[Image-text web data]
════════════════════

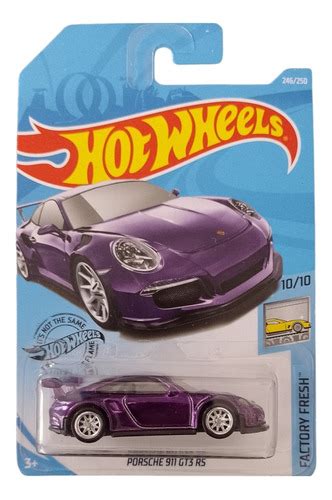 Porsche 911 Gt3 Rs Sth Hot Wheels Super Treasure Hunt Gomas MercadoLibre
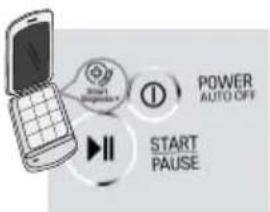 LG WTS6520 - Long press Temp. button to activate smart diagnosis. - 2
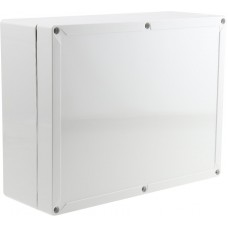 20091301, TG Series Grey Polycarbonate Enclosure, IP67, Grey Lid, 302 x 232 x 110mm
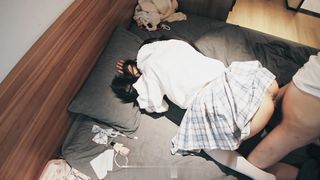 【69堂免费视频】可爱的JK小女友先给我口交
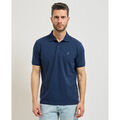 Polos sur Grenoble : Polo Sette/Mezzo Polo homme Settemezzo &agrave; 2 boutons Bleu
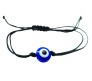 Black Thread Evil Eye Bracelet Adjustable Pull Nazar Battu Devil Protection Original For Boys and Men EP1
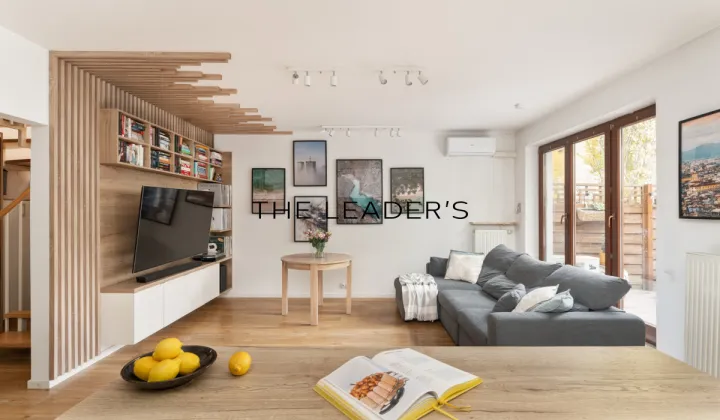 Mieszkanie 3-pokojowe Warszawa Wilanów, ul. Syta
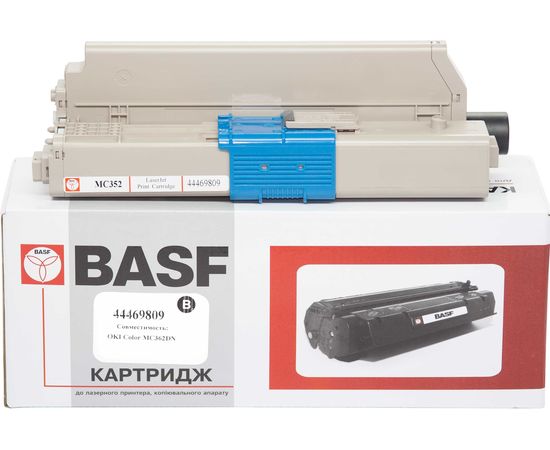 Купить Картридж тонерный BASF для OKI C310/330/510/530 аналог 44469809 Black (BASF-KT-MC352-44469809) по лучшей цене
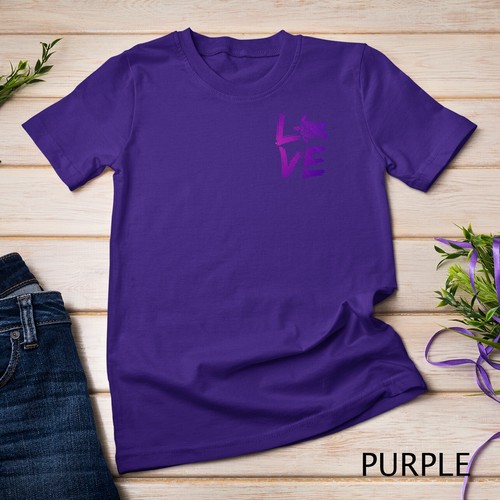 Hot Love Schildkröte Natur Umwelt Ozean Meeresbewohner T-Shirt Unisex T-Shirt - Bild 11 von 15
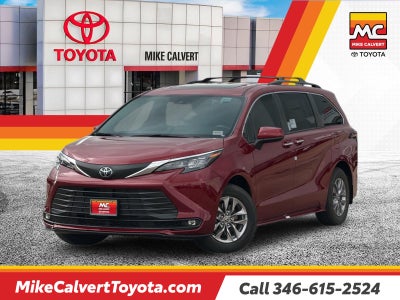2026 Toyota Sienna XLE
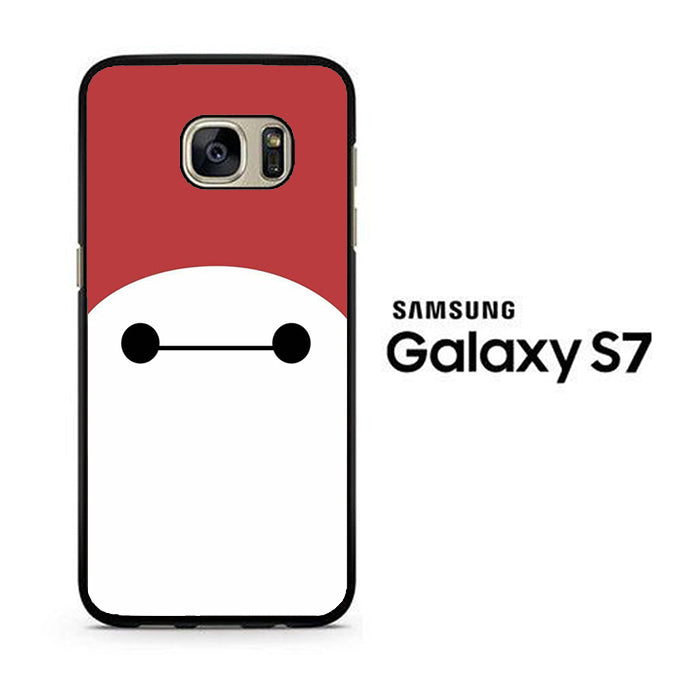Bay Max Eyes Red White Samsung Galaxy S7 Case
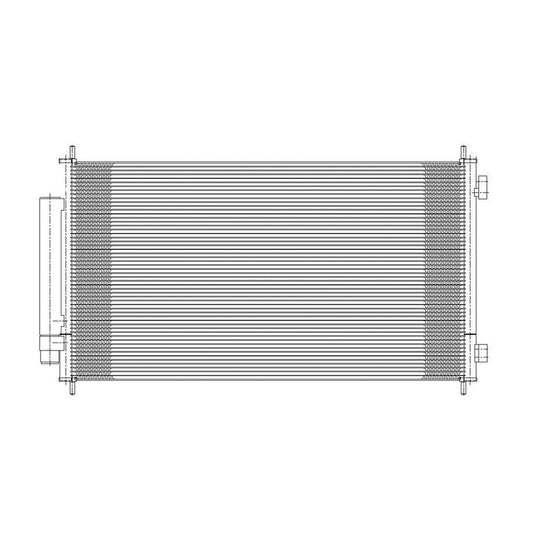 Ac Condenser 2007-2011 Honda Cr-V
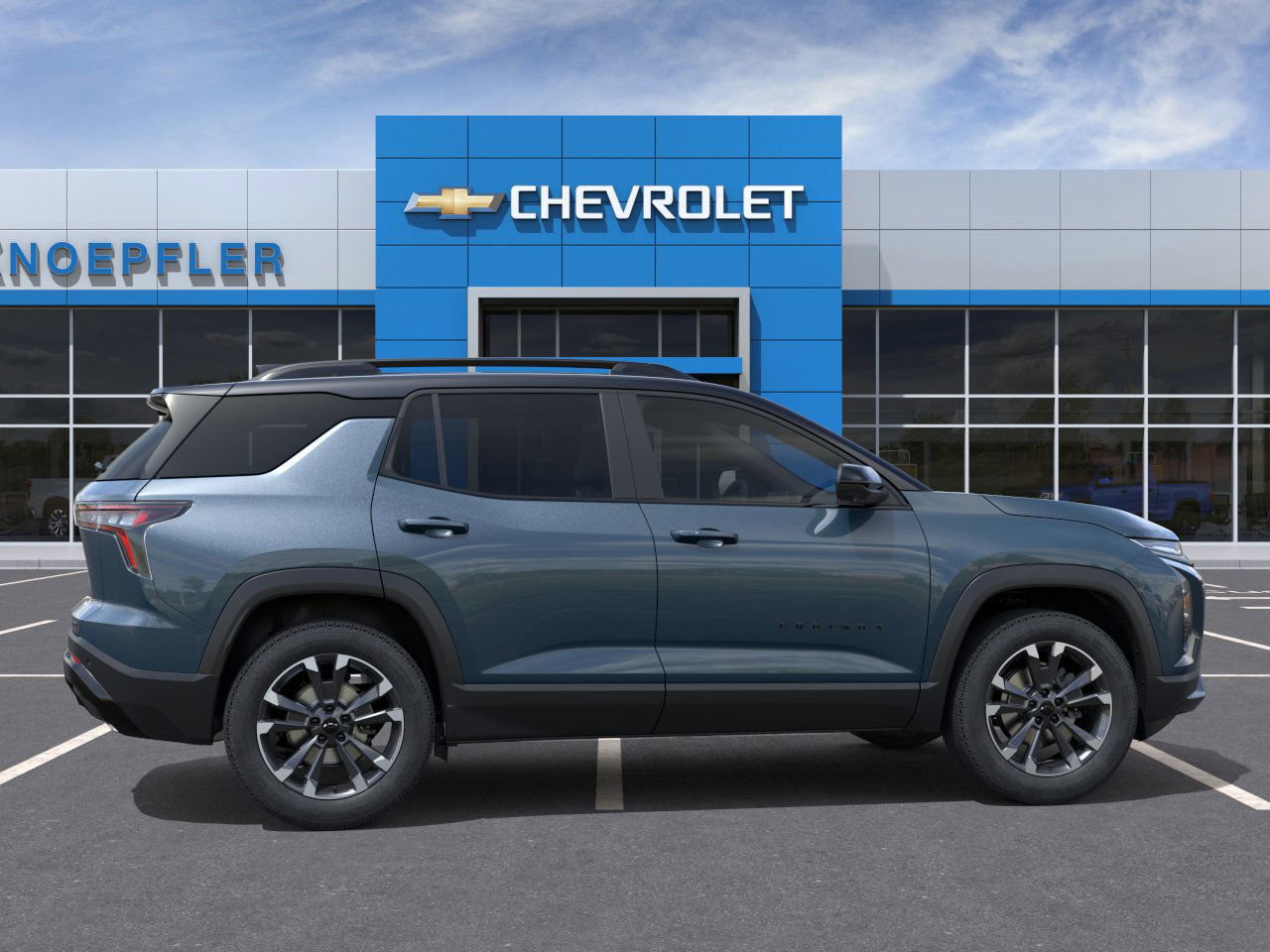 New 2026 Chevrolet Equinox RS w/ Convenience Package III image 5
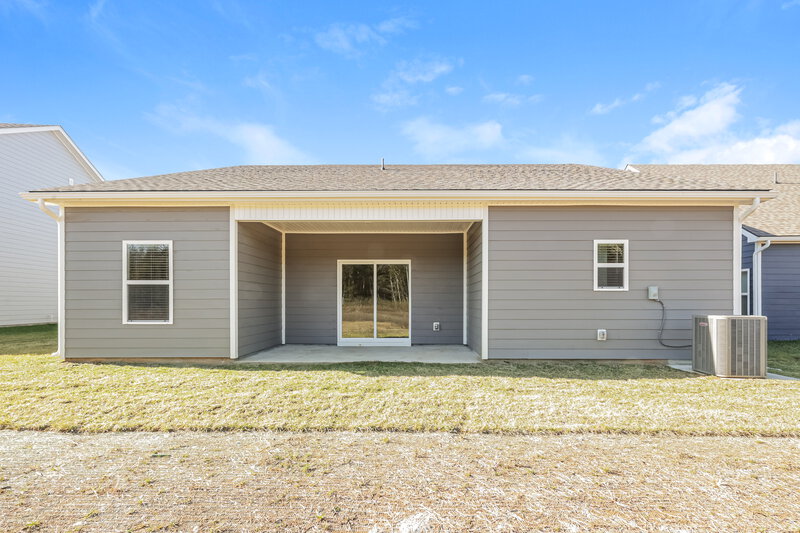 2,155/Mo, 3463 Quintana Dr Murfreesboro, TN 37127 Rear View
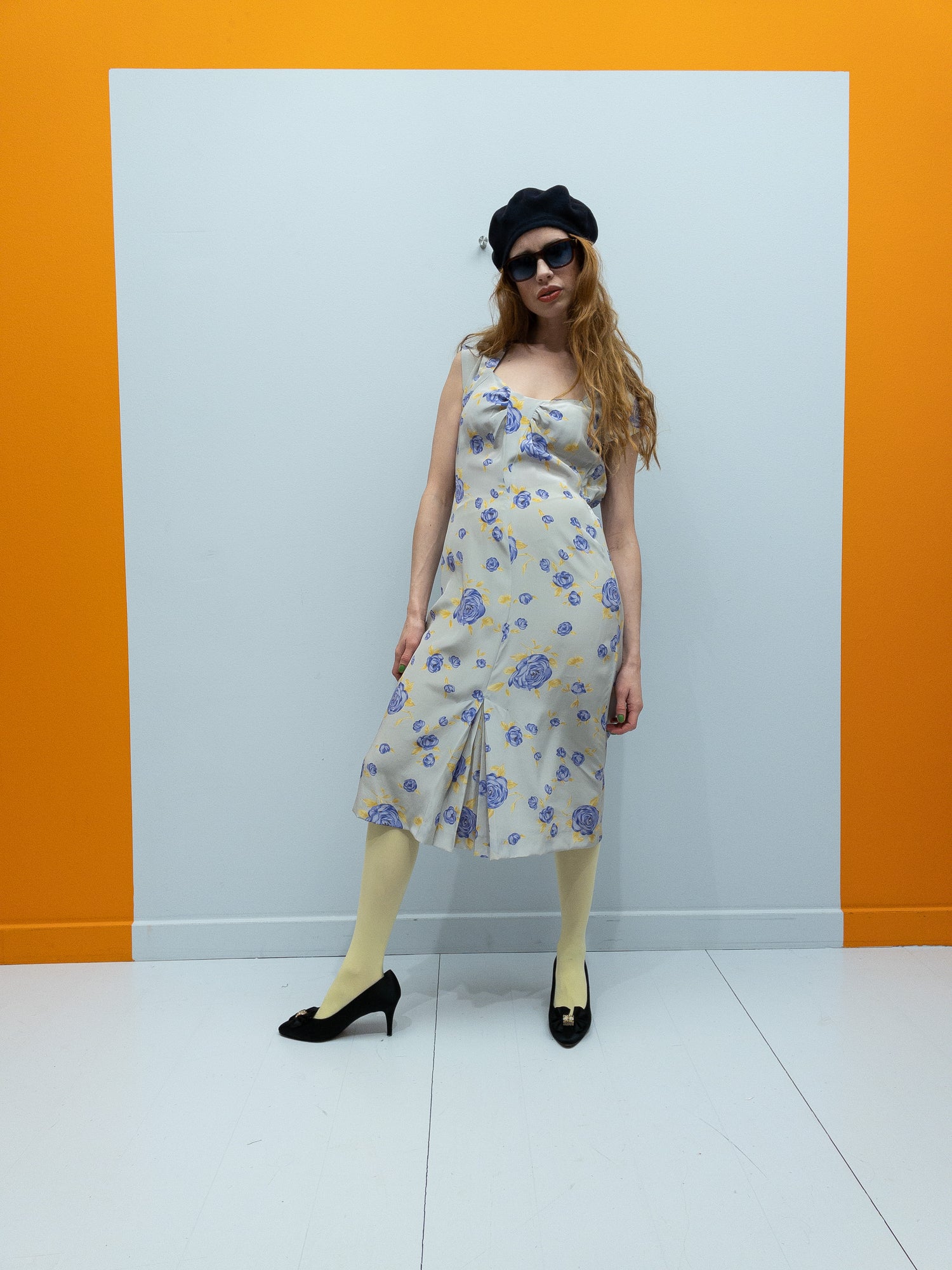 Vintage Silk Dress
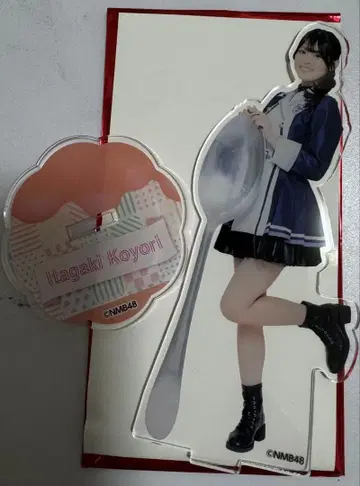 NMB48 이타가키 미와 NMB48 x good spoon 아크릴 스탠드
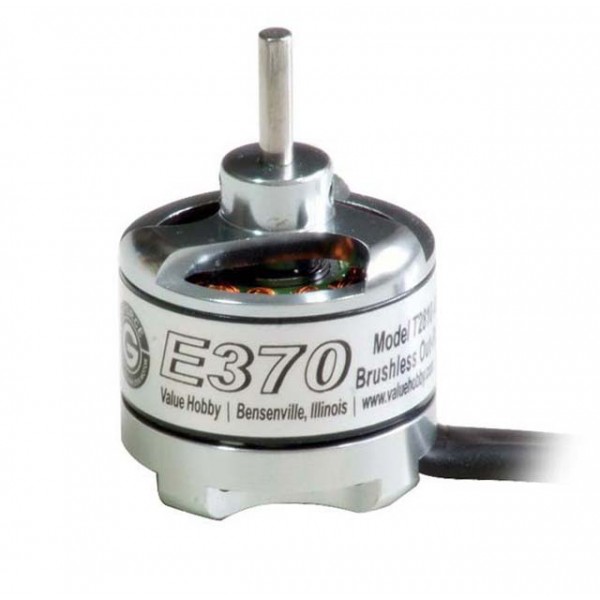 DISC GForce E370 Brushless Outrunner Motor (2810-1200KV)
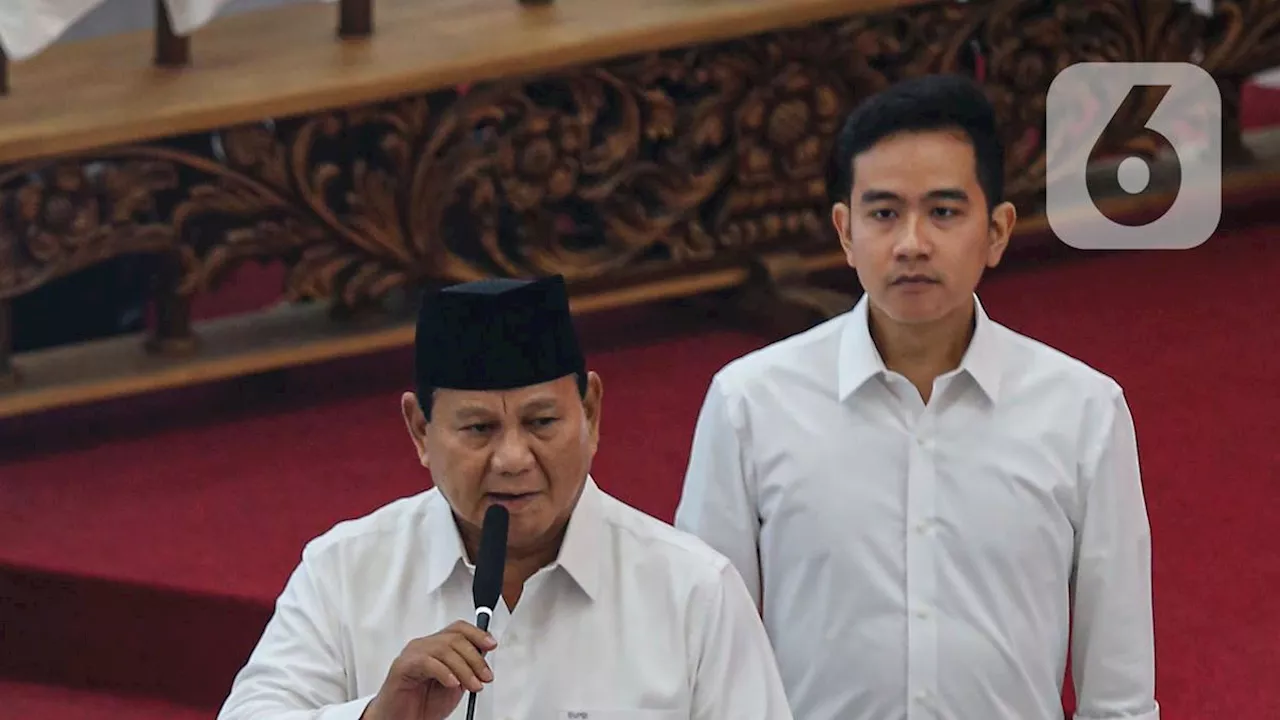 PTUN Putus Gugatan PDIP ke KPU 10 Oktober, Soal Penetapan Prabowo-Gibran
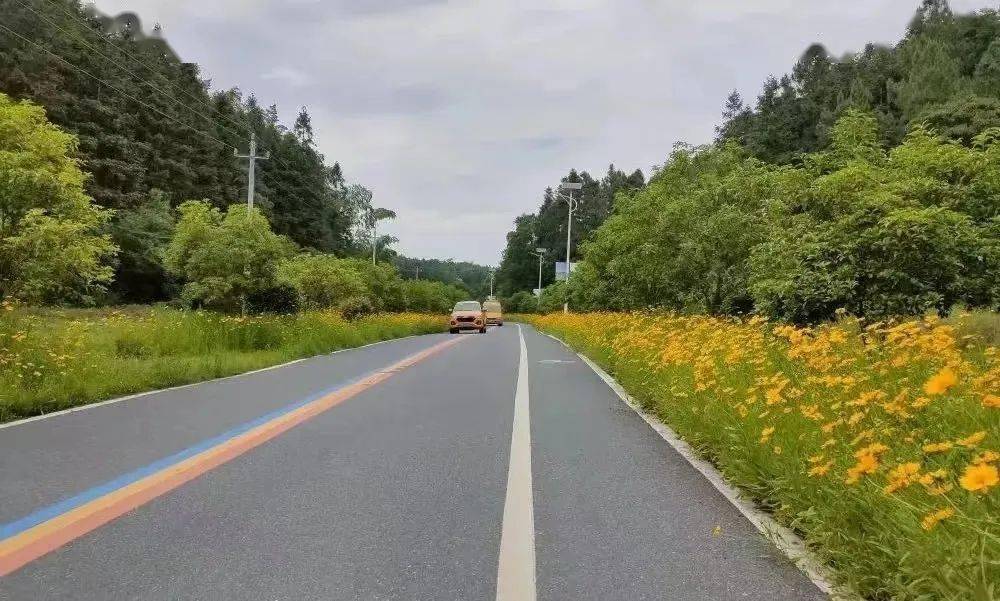 渝水区乡野变通途 铺就幸福路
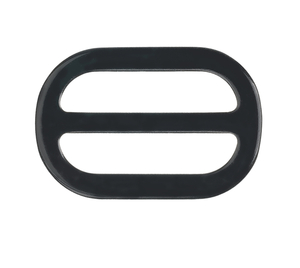 Bellatex Spona ozdobná oválná černá/bílá 5x3,5 cm černá, bílá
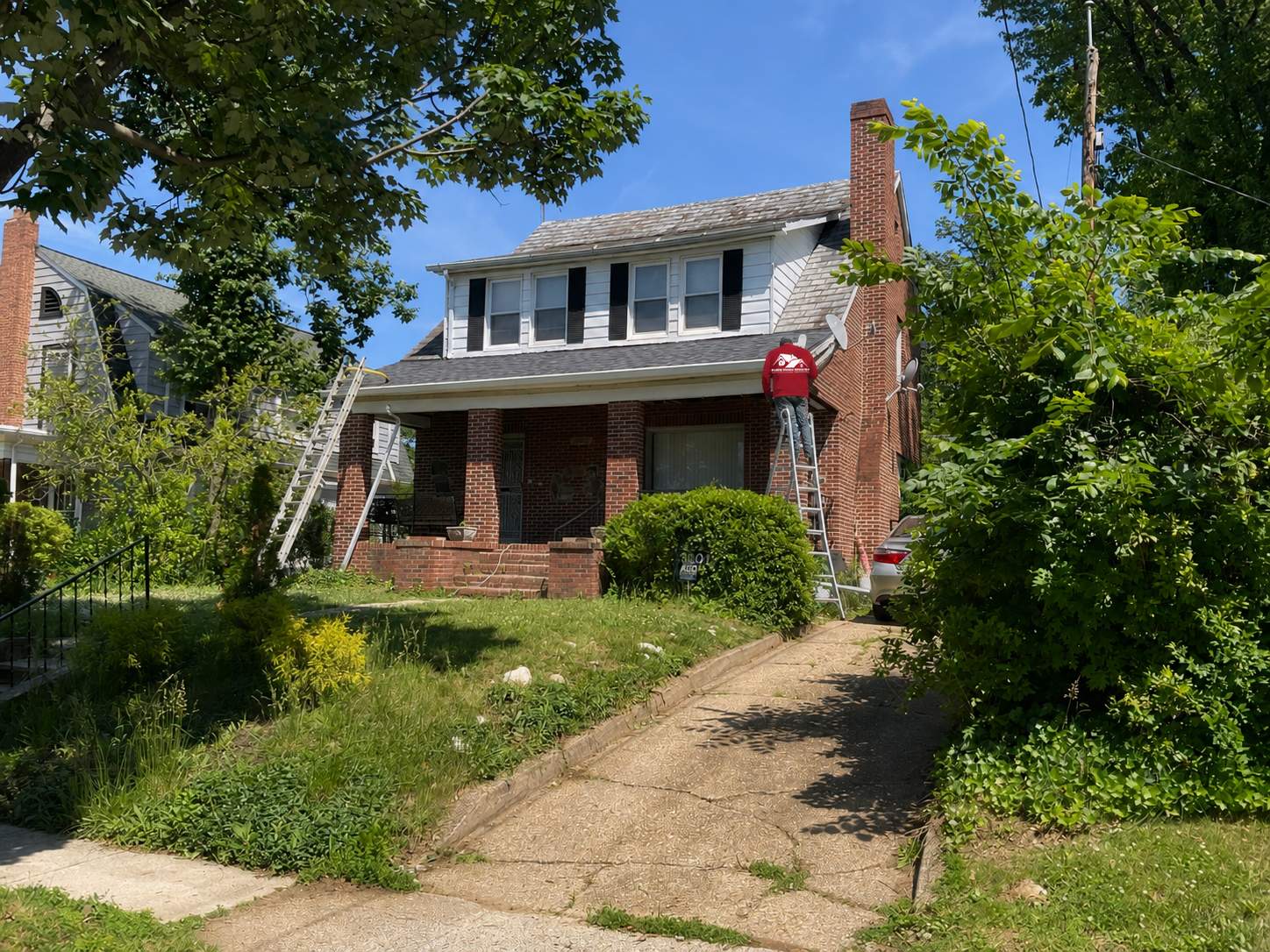 Roof Replace Porch by Alpha Design Services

════════════════════

Task to carry out: In the entries above, find the line containing "Vintage Silk Dress"; transcribe exactly that line and every line after it through the end, and only those, omitting pictures.

Finished exercise:
 Vintage Silk Dress
 NMB48 이타가키 미와 NMB48 x good spoon 아크릴 스탠드
 DISC GForce E370 Brushless Outrunner Motor (2810-1200KV)
 PTUN Putus Gugatan PDIP ke KPU 10 Oktober, Soal Penetapan Prabowo-Gibran
 渝水区乡野变通途 铺就幸福路
 Bellatex Spona ozdobná oválná černá/bílá 5x3,5 cm černá, bílá
 Roof Replace Porch by Alpha Design Services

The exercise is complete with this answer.